Olujimi confessed to having a "sweet jaw" as opposed to a sweet tooth and we quickly bonded talking sweet potato cake, Nutter Butters, Chunky Monkey and the new Chelsea joint Burgers and Cupcakes. Unfortunately, time and locale couldn't fulfill Kambui's final confectionery wish - Italian cheesecake or cream puffs. Part two of this conversation promises to be sickeningly sweet.
________________________________________
Contemporary Confections: Is that real liquor in Shot Through the Heart?
Kambui Olujimi: Smell it.
CC: Mmm, smells good actually. Why clear Bacardi in this installation as opposed to the colored liquor you used previously?
KO: I think the difference between this space and the space where it was shown before is that there's a lot less happening. It's a white wall...and it’s not competing. I like the invisibility of it [in this setting]; the idea of it being something that you can just walk by. I think that's what this piece is about, about how addiction, this kind of addiction, is very invisible.
CC: Did this work come from a personal place?
KO: [The saying goes], "You know you're in the ghetto when there is a church and a liquor store on every corner." On the block that I live on there are four corners and there are literally two churches [and two liquor stores]. Then you go around the corner and you have two more churches, two more liquor stores.
CC: And where do you live?
KO: Bed-Stuy.
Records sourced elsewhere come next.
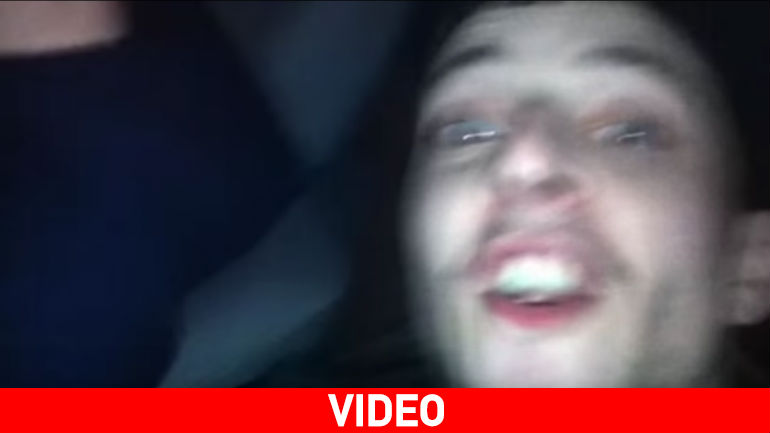 Καρέ-καρέ η διαδρομή δύο νεαρών προς τον θάνατο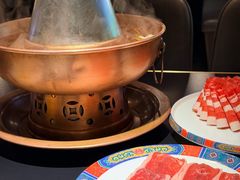 -京悦南门涮羊肉·羊蝎子火锅(田林路店)
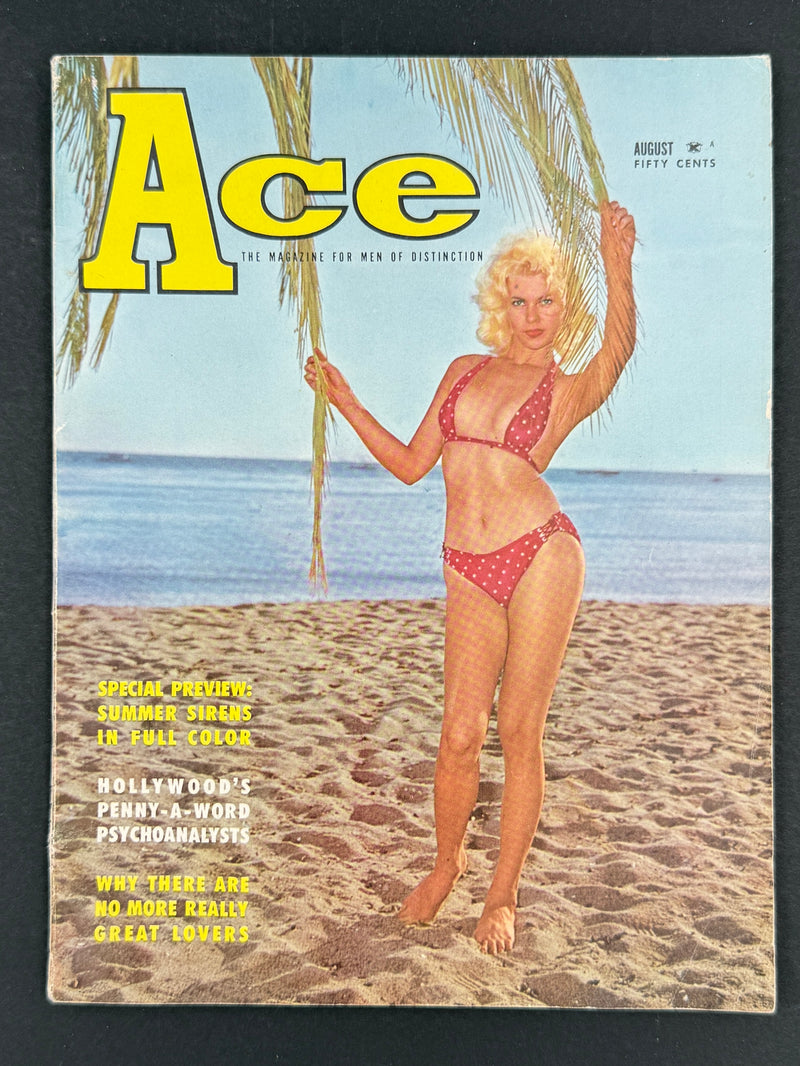 The Jim Willis & Early Gamblers Anonymous Archive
That is where I grew up too. And [there] that saying is not even questionable. [Laughs]
CC: Why have you stayed in Bed-Stuy? Have you never thought about leaving?
KO: I actually go away and come back, go away and come back. I lived in Germany, Baltimore, Boston, and upstate New York. I came back to the block just because it's home. Though, I think it's important also to leave your crib, to leave where you grow up. It gives you a greater appreciation for what you've got and also it gives you an idea of what’s in the world.
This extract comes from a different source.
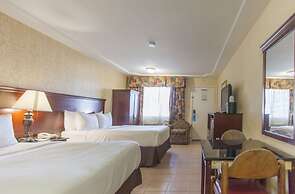 Days Inn by Wyndham Shenandoah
I Never Sleep 'Cause Sleep Be the Cousin of Death, 2002. Mixed media.
CC: Talk to me about the piece I Never Sleep.
KO: I’m glad they showed this piece. This is from a series called Soliloquy, which is a series of digital collages that are based off of hip-hop lyrics. It was the idea of taking lyrics out of their context. There is a certain amount of forgetfulness - we have songs on the radio and we have edited versions and we play them in malls and we bop our heads, but nobody knows what the lyrics are. They are big overseas and still nobody knows what the lyrics are.
It was just interesting that hip-hop went from this subversive way for people to express themselves, people who felt like they weren't getting a voice to [finally getting] this extremely loud voice that no one pays attention to...So I was trying to use that language. A lot of my work is about using the language of a system to talk about that particular system.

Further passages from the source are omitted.